Home » Phone numbers for airlines listed on Google directed to scammers

Phone numbers for airlines listed on Google directed to scammers

by Mahmmod Shar

A Google spokesperson said in an emailed statement that the company does “not tolerate this misleading activity” and had fixed the issue.

By Kevin Collier

Scammers recently changed the phone numbers that appear in Google search results for several major airlines, redirecting some customers to call a number where the person who answered would try to steal their money.

Shmuli Evers, a Brooklyn-based software designer, noticed it Sunday when his Delta flight departing John F. Kennedy International Airport was canceled. The in-person line for customer service was long, so he searched Google for the airline’s phone number to reschedule his flight, he said in a thread that went viral on Twitter. Other Twitter users chimed in with similar experiences.

Instead of reaching a Delta employee, Evers said he spoke to a man with a thick accent who hung up and called him back from a different number. That man then asked for payment to book a rescheduled flight. Evers recognized it as a scam and scrapped his trip.

He then went on to document six other airlines, including American Airlines, Southwest Airlines and Air France, that had incorrect numbers served up by Google.

Those airlines did not respond to emails requesting comment. Search results for each of the airlines, including Delta, have since been corrected. It’s not clear how the numbers were changed or who changed them.

The number change scam comes as people in the U.S. have faced widespread delays and cancellations at airports across the country, thanks in part to severe weather and staffing shortages.

Internet scams and crimes have become increasingly common and costly. The FBI’s annual Internet Crime Complaint Center report found that victims last year reported a record $10.3 billion in online losses.

A Google spokesperson said in an emailed statement that the company does “not tolerate this misleading activity.”

“Our teams have already begun reverting the inaccuracies, suspending the malicious accounts involved, and applying additional protections to prevent further abuse,” the spokesperson said.

The spokesperson refused to address questions about how long the problem persisted, how many airlines were successfully impersonated, or why there weren’t better protections in place for major companies like the airlines.

Google has struggled to counter scammers who have learned how to get fake contact information to show up when users look up a company on Google Search or Maps.

Those results come from Google’s internal database for companies, called Business Profiles.
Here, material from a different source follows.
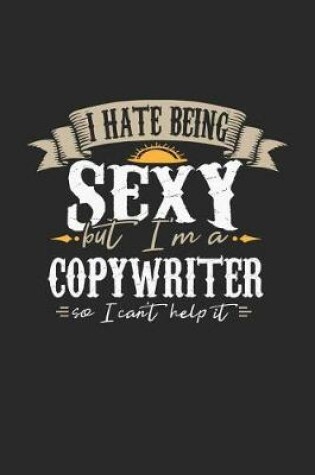 Cover of I Hate Being Sexy But I'm a Copywriter So I Can't Help It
Google usually verifies someone’s claim to own a company through a mailed postcard, phone call or video chat. Last month, Google sued a man and his companies for allegedly offering verification-for-pay services to take over search results for businesses, which it says were popular with scammers.
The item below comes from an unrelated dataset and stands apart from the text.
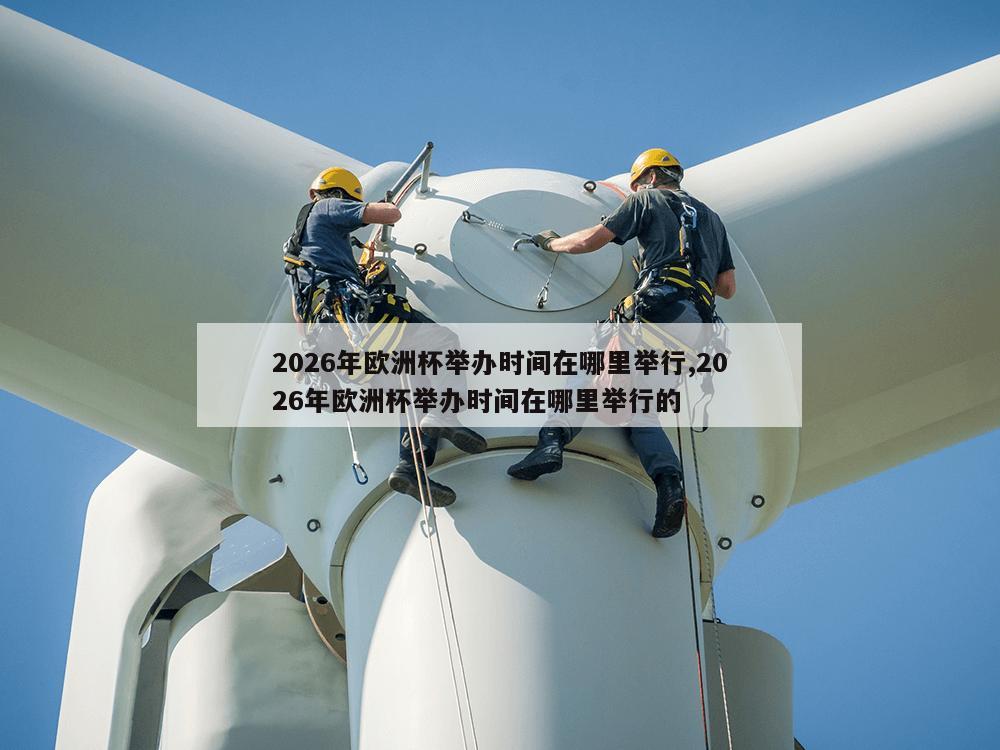 2026年欧洲杯举办时间在哪里举行,2026年欧洲杯举办时间在哪里举行的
A Delta spokesperson said the company was looking into the incident. 

“Whenever we become aware of an alleged scam targeting our customers, including in this situation, we immediately conduct an investigation,” the spokesperson said, adding that Delta advises customers to actually visit the Delta website to verify they’re calling the right number.

Evers told NBC that he was frustrated by Google’s response to him almost being  scammed, but that he was glad it was getting attention.

“I am happy that there is more awareness coming to this issue to get it resolved,” he said.